The simplest hardware solution is to use a larger eeprom and simply index the messages by number or name through a "directory" which could be just a simple table lookup using a message number.

As you know I use Tachyon for most of my Prop development and I have stored strings in upper eeprom to save memory but now I save the whole dictionary in upper eeprom. Anyhow I also have applications that use text messaging and if they are stored in eeprom rather than SD then I simply download them serially either in whole as a text file or interactively enter/edit individual messages. Not sure if you are looking in this direction but it is very easy to implement if you choose to do so.

EDIT: Yes, you could "export" a csv file serially or it could just be plain text.

kwinn · 2015-03-03 14:56

Minimum time on hardware and software would be nice, but it's more likely to be a trade off between them.

By all means maintain the text files as a spreadsheet for conversion to a text file. For the “something” to export it to an sd card or usb drive would be the simplest since they are already available on most pc's.

An alternative would be an eeprom or eMMC card, but that would require extra hardware (a propeller as the go between?). Using a propeller and some storage device to transfer the data from the PC to the unit in the field would certainly simplify the field unit hardware and software.

If there are many messages and lots of text having a small program on the propeller that creates an index as the messages are read from the “something” and stored on the other “something” would help speed up searching. Store the message number and start address of the text for each message in the index if the numbers are not sequential, store the address only if they are sequential.

idbruce · 2015-03-03 15:08

No matter what approach you take I would suggest you use a spreadsheet to create the messages so you can cut and paste the .CSV file into the propeller program.

Why cut and paste? Create the CSV file of all the messages you need. When finished, try uploading it to EEPROM with the FILE directive. If it fits, then great, you can parse for a particular message by a csv field indicator. If it doesn't fit, then punt.

Heater. · 2015-03-03 15:19

Do not use a spread sheet. Spread sheets are for numbers and calculating.

Keep all your messages in plan text files.

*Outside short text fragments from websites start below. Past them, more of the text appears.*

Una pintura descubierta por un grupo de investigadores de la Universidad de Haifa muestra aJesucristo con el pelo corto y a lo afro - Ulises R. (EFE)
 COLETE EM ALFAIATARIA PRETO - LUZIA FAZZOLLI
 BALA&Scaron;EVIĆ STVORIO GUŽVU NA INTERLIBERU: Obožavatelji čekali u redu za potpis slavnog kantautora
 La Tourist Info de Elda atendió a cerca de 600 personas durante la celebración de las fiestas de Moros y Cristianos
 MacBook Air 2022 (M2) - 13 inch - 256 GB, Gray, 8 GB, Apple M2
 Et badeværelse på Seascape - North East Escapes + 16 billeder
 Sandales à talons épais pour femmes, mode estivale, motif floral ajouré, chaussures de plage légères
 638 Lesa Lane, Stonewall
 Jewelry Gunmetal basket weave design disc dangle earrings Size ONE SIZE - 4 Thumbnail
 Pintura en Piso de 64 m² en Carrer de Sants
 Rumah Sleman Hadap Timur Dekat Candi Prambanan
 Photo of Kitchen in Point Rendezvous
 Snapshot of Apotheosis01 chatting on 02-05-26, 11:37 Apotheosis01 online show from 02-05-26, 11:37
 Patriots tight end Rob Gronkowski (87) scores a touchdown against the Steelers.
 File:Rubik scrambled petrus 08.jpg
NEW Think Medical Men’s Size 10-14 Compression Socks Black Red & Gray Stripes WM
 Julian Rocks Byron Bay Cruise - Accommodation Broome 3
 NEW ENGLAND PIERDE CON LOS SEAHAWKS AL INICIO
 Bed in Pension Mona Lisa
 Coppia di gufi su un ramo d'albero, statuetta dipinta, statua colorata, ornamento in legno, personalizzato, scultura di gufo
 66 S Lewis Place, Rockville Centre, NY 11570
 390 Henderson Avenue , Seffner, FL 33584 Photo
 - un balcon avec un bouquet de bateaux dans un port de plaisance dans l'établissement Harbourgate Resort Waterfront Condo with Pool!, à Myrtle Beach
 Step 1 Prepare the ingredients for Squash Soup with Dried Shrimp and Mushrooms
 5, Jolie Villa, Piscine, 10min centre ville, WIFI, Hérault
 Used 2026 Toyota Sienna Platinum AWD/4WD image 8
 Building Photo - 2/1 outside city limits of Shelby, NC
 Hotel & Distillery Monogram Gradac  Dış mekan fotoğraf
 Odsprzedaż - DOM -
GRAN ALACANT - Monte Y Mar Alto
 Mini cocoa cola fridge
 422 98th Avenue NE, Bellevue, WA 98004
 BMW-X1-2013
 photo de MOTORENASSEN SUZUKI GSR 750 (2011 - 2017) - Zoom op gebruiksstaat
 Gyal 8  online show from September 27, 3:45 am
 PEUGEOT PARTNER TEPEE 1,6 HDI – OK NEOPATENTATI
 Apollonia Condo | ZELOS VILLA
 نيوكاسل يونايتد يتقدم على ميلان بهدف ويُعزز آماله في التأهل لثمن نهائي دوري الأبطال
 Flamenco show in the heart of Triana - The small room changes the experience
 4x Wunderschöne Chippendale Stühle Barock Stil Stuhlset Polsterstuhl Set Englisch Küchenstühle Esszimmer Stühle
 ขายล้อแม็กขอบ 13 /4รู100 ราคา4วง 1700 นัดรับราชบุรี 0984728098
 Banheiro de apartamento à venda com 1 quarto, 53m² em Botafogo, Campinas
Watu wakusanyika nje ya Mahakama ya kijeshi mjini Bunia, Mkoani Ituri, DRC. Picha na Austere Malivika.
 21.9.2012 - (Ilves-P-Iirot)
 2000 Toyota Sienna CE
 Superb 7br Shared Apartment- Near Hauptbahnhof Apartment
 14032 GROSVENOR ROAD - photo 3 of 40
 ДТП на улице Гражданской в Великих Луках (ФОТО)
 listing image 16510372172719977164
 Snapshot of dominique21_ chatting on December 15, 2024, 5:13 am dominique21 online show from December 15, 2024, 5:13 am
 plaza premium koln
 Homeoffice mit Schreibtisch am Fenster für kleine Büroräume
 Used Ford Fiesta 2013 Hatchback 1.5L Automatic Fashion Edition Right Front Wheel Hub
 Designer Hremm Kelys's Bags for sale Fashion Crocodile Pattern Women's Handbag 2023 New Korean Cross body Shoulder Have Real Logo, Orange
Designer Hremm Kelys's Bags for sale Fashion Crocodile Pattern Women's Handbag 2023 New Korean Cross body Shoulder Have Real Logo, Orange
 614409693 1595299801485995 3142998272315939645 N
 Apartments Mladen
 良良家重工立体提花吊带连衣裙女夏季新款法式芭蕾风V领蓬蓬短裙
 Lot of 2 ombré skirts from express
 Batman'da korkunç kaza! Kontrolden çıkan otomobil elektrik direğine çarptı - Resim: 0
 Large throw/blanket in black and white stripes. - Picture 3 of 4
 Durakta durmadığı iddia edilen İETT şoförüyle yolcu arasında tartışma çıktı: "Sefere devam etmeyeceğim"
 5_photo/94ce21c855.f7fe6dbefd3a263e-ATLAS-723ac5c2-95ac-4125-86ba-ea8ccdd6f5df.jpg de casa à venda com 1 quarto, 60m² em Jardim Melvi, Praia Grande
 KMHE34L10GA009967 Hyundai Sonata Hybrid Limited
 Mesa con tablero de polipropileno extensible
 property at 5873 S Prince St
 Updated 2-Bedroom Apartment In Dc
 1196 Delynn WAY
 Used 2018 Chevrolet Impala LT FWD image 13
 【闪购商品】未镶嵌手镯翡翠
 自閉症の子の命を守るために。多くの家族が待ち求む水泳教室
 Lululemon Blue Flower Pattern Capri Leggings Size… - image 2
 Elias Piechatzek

That way you can easily keep them with all your source code in a source code management system. Like git, preferably up on gihub.

You will need some format to identify messages, perhaps by number. Simple CSV might do.

Consider that this maybe the "source" format of your messages. If you need to convert that into a different format for use by the Prop that can be a simple as a few lines of Perl or Python or the language of your choice.

idbruce · 2015-03-03 15:37

CSV File
1,complex message,average message,minimal message
2,hello friend good to see you on this fine day,hello my friend,hi

With a number at the beginning of each line, you can easily and quickly parse them.

Heater. · 2015-03-03 16:15

idbruce,

That's more like it.

I once worked on a project that needed thousands of messages. It needed translations in many languages. Those messages had to be available quickly for a very complex GUI. Memory space was really tight.

Solution: Keep the messages on disk and pull them in on demand.

A linear parse/search though the text file(s) was very slow given the disks and CPU's of the day.That required building an index of message numbers vs location on disk so as to be able to access them at any reasonable speed. A quick binary search through the index and seek to the file offset worked a treat.

abecedarian · 2015-03-03 16:21

Another idea might be instead of storing complete phrases, build phrases from a collection of dictionary-like objects.
Some of the objects could be stored in arrays whose index indicates severity.
You might have ...
... an array with "I'd like some", "I need", "I'm going to die without" and so on.
... an array with "food", "water", "fertilizer", "sunlight" and so on.
... an array with "please", "really soon", and maybe some expletives.
Then build sentences with what's in your dictionary.

Heater. · 2015-03-03 17:01

Of course a CSV as Bruce showed will not allow for having comas in the messages.

Better to use some common standard format like JSON. Stay away from XML.
[code]
[
{
"index": 1,
"English": "This is a message, how do you like it?",
"German": "Das ist eine Botschaft , wie gef

idbruce · 2015-03-03 17:09

Heater

Yea, when it comes to data that has a common denominator, such as the "message", I like CSV files, because they are simple, and if you want to change languages, no sweat, just translate the original file, and you are good to go.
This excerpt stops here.